They often visit us
in the morning, their dun coats shifting through the dappled light. They graze
in the woods, stepping delicately over fallen branches. To rest, they fold
their legs gracefully beneath them, settle into the leaves and disappear.
Sometimes from the south window, we see several new tan boulders on the
hillside. We call them the ladies. No refined Victorian ever had such elegance.

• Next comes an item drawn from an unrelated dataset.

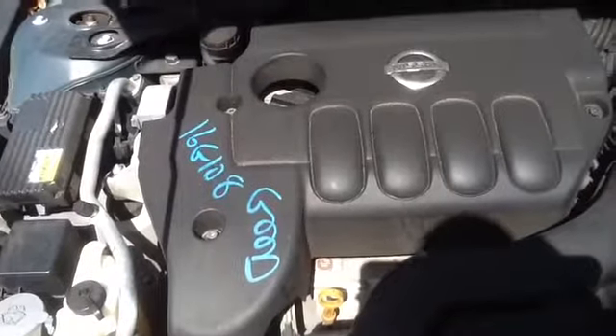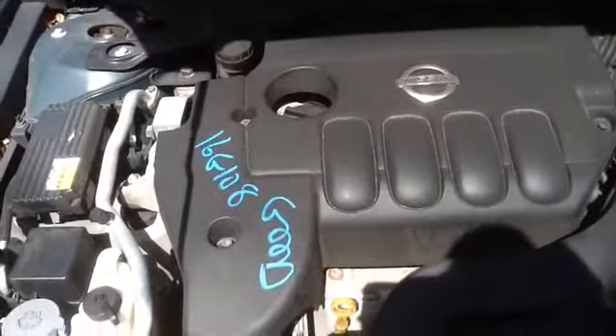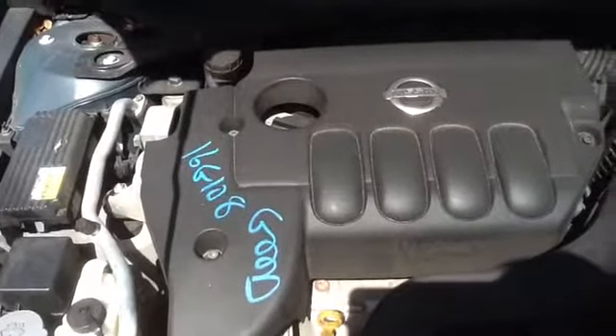Once again, this is a 2007 Nissan Altima, stock number 16G 108 with a 2.5. Thank you.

White-tailed deer (Odocoileus virginianus) are liminal
creatures, foraging in timber glades and along the wooded edges of streams,
most active at dawn and twilight. They mate in the fall, to the peril of
motorists. Fawns are born in spring and make their first timid visits to us
around midsummer. Their home range is relatively small. We see the same families
from year to year.
They browse in my
garden. They mow the liriope foliage during the winter, and they forage for the
first sweet crocus blossoms. I’ve learned not to bother trying to grow lilies
or hosta; the succulent salad bar they provide is too appealing. Two spotted
fawns pruned my bell peppers one year. They returned the next year, larger and
still hungry.
Even supposedly
deer-proof plants attract a few individuals. For several years the same doe
methodically devoured the toxic camassia before it could bloom. I planted coral
bells near the driveway and found the uprooted plant tossed aside the next
morning. I replanted it and found it yanked up again the next day. This went on
for almost a week before the deer lost interest.
At twilight, the
deer emerge to glean leftover sunflower seeds under the bird feeder. One clever
lady learned to slip her slender tongue into the port and tease out the seeds.
She taught her daughters the trick. They can empty a bird feeder in half an
hour. A friend suggested offering them cornmeal. The ladies found it a fine
supplement for sunflower seeds. Now five of them show up to feast together.
If I’m lucky, I
meet them when I walk the timber. I follow their trails along the hillside. I
stalk them with my camera. They are cautious but not afraid of me. If I come
too close, the nearest does will flip their white tails, kick up their heels, leap a
short way down the hill and settle to graze again. One deer stays on watch,
ears pointed, eyes wide. Sometimes she stamps her hoof to warn me away.
Among the Kanza
Indians, the Deer clan served as heralds and messengers. They made sure
everyone knew where to make a new camp or how a buffalo hunt would be
organized. Some clan names described white tail appearance and behavior with precise
detail: Gray Back, Tail Shows Whitish Suddenly, Dark Breast, Hawk Eyes, Steps
Softly, Jumps Suddenly, Stands Ahead of the Others, Without a Plan.
Deer are caretakers
of the earth in many native traditions. They give themselves to the people as
food. They lick things into their proper shapes. They appear when you need to
see them, to remind you of who you are, where you belong. They are messengers,
heralds from other worlds, telling us where to find our sustenance, our people,
our home. They tell us when it is time to move on.
To catch sight of a
deer standing motionless between the branches is to encounter the goddess.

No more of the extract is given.